Fast forward to 2020, when then Council Chairman Erik Brechnitz commented, “Councilors’ email boxes have exploded regarding the issue.” The concerns have continued to grow since that statement was made, and the complaints have continued to grow.
Recently, resident David Romano, an outspoken critic of the lack of progress on the issues concerning abuses within single family neighborhoods, has filed an official Code Violation complaint with the City regarding this issue and the City’s lack of enforcement of its own Comprehensive Plan. He has been informed that his complaint has been forwarded to City Attorney Gabriel for review.
Gabriel’s firm, Weiss/Serota, was the city’s legal representative when Gabriel gave his ruling to Council in 2009. His firm was replaced in June of 2011 with Burt Saunders of the Naples firm Gray-Robinson. In March 2015, Gabriel’s firm reassumed the role of the City’s legal representation.
According to the Marco Island Comprehensive Plan, the permitted uses in RSF districts are single family residences, family care facilities (subject to restrictions of the Land Development Code), parks and open spaces.

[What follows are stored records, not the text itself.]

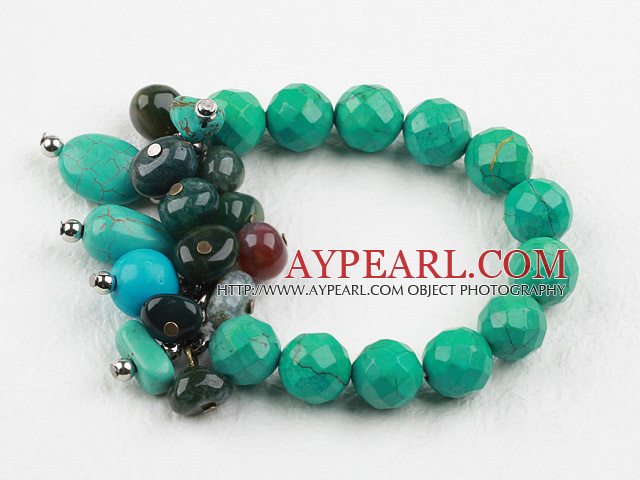 Nouveau design assorties Turquoise et indiens Agate bracelet élastique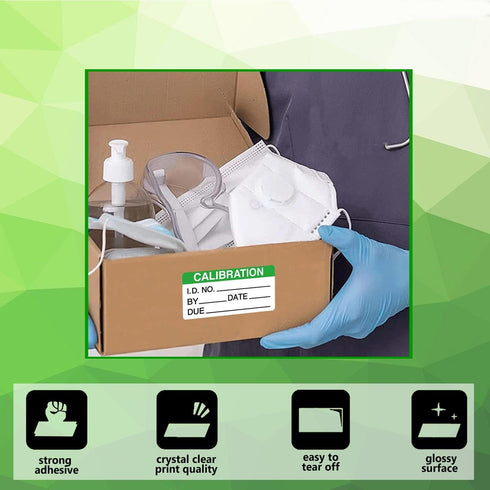 Self Laminating Calibration Labels 2 X 1 Inches - Write-on Calibration Stickers with Cover for for NIST Calibration, ISO-900 Calibration 128 Label...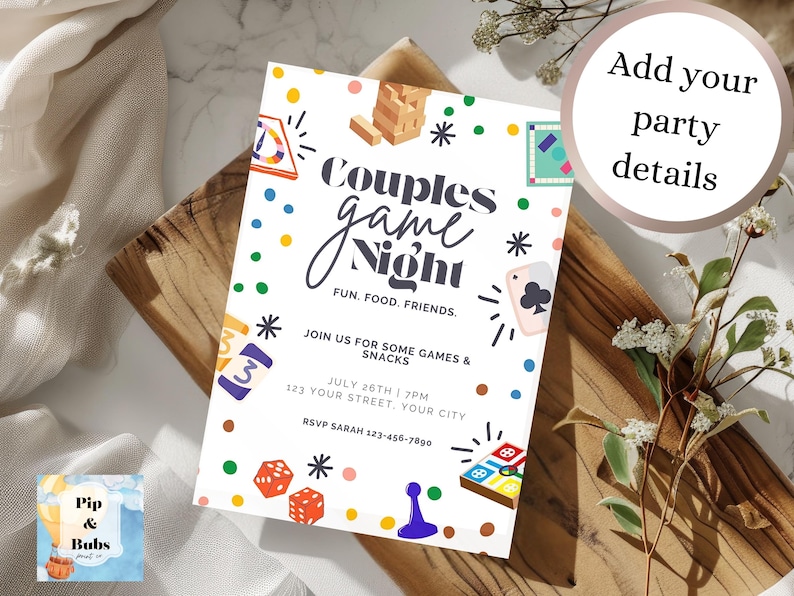 Couples Game Night Editable Invitation Customizable Invite Template Canva Invitations Fun Games image 1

Additional “accessory” and “conditional” uses allow child-care centers, churches, schools and recreational facilities, among others, but these “accessory” and “conditional” uses require a review and an approval process. The primary use allowed in the RSF Zone is single family home residences.
Vacation rentals are described by the State of Florida as any rental done for less than 6 months. This requires an owner to charge sales tax. Because of the requirement to collect sales tax, the owners are, in effect, running a business in a Residential Single-Family Neighborhood, which is not listed as an “Allowable or Conditional Use” under the city’s zoning.
In 2011, the Florida State Legislature passed State Statute 509.032(7)(b), which prohibited any jurisdiction from passing subsequent legislation after that date which would place any additional “burdens or restrictions” regarding these activities. Some on Council have referred to this as the reason they cannot act on this issue, while others have complained the State was overstepping and infringing on “home-rule.”
It is important to note that short-term rentals such as hotels, timeshares and condominiums are allowed in the RT Zone (Residential Tourist Zone) within the City and are provided for.
2019 Volusia Case Upholds City’s Zoning
In 2018-19, similar issues were litigated in the Seventh Judicial Circuit Court in and for Volusia County, Florida. Residents complaining of similar problems within their single-family home neighborhoods believed short term rentals were disrupting their “quality of life.” When Daytona subsequently began enforcing provisions of their Comprehensive Plan and Zoning Codes regarding short-term rentals, a group of investment property owners challenged the City of Daytona Beach’s zoning, which did not allow for the similar practice of short-term vacation rentals in single family residential neighborhoods. Those specific provisions existed prior to Daytona Beach updating its Comprehensive Plan in 2015 and were noted in that update.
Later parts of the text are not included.